[Records contained in a dataset]
------------

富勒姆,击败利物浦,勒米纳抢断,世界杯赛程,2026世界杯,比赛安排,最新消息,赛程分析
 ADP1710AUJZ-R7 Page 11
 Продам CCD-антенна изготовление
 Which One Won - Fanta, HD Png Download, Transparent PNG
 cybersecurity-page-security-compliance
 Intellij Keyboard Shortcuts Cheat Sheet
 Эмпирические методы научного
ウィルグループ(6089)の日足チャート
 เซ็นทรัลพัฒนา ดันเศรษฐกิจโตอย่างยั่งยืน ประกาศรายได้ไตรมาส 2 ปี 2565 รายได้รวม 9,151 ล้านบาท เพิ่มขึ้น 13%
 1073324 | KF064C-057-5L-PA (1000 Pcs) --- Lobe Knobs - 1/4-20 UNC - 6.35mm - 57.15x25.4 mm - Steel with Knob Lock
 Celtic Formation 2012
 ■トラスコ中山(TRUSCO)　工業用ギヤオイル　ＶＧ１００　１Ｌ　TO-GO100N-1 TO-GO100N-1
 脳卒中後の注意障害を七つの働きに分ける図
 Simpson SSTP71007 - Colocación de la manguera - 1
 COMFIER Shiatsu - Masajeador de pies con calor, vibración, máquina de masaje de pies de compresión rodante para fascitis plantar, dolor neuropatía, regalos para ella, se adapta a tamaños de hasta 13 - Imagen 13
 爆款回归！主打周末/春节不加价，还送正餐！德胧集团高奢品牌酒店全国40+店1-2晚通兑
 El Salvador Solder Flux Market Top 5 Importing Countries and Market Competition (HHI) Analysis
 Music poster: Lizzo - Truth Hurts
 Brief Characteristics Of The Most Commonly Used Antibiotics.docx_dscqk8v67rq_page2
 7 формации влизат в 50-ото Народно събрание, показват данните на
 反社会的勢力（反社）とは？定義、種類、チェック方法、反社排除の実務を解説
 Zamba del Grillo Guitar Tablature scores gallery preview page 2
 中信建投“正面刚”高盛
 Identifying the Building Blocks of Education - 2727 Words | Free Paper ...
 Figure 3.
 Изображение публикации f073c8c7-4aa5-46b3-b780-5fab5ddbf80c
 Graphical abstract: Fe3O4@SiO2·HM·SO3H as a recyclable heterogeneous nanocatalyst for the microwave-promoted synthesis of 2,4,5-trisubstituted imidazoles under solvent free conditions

------------

Directions: All of the records above must be reproduced exactly.

Answer to this exercise:
富勒姆,击败利物浦,勒米纳抢断,世界杯赛程,2026世界杯,比赛安排,最新消息,赛程分析
 ADP1710AUJZ-R7 Page 11
 Продам CCD-антенна изготовление
 Which One Won - Fanta, HD Png Download, Transparent PNG
 cybersecurity-page-security-compliance
 Intellij Keyboard Shortcuts Cheat Sheet
 Эмпирические методы научного
ウィルグループ(6089)の日足チャート
 เซ็นทรัลพัฒนา ดันเศรษฐกิจโตอย่างยั่งยืน ประกาศรายได้ไตรมาส 2 ปี 2565 รายได้รวม 9,151 ล้านบาท เพิ่มขึ้น 13%
 1073324 | KF064C-057-5L-PA (1000 Pcs) --- Lobe Knobs - 1/4-20 UNC - 6.35mm - 57.15x25.4 mm - Steel with Knob Lock
 Celtic Formation 2012
 ■トラスコ中山(TRUSCO)　工業用ギヤオイル　ＶＧ１００　１Ｌ　TO-GO100N-1 TO-GO100N-1
 脳卒中後の注意障害を七つの働きに分ける図
 Simpson SSTP71007 - Colocación de la manguera - 1
 COMFIER Shiatsu - Masajeador de pies con calor, vibración, máquina de masaje de pies de compresión rodante para fascitis plantar, dolor neuropatía, regalos para ella, se adapta a tamaños de hasta 13 - Imagen 13
 爆款回归！主打周末/春节不加价，还送正餐！德胧集团高奢品牌酒店全国40+店1-2晚通兑
 El Salvador Solder Flux Market Top 5 Importing Countries and Market Competition (HHI) Analysis
 Music poster: Lizzo - Truth Hurts
 Brief Characteristics Of The Most Commonly Used Antibiotics.docx_dscqk8v67rq_page2
 7 формации влизат в 50-ото Народно събрание, показват данните на
 反社会的勢力（反社）とは？定義、種類、チェック方法、反社排除の実務を解説
 Zamba del Grillo Guitar Tablature scores gallery preview page 2
 中信建投“正面刚”高盛
 Identifying the Building Blocks of Education - 2727 Words | Free Paper ...
 Figure 3.
 Изображение публикации f073c8c7-4aa5-46b3-b780-5fab5ddbf80c
 Graphical abstract: Fe3O4@SiO2·HM·SO3H as a recyclable heterogeneous nanocatalyst for the microwave-promoted synthesis of 2,4,5-trisubstituted imidazoles under solvent free conditions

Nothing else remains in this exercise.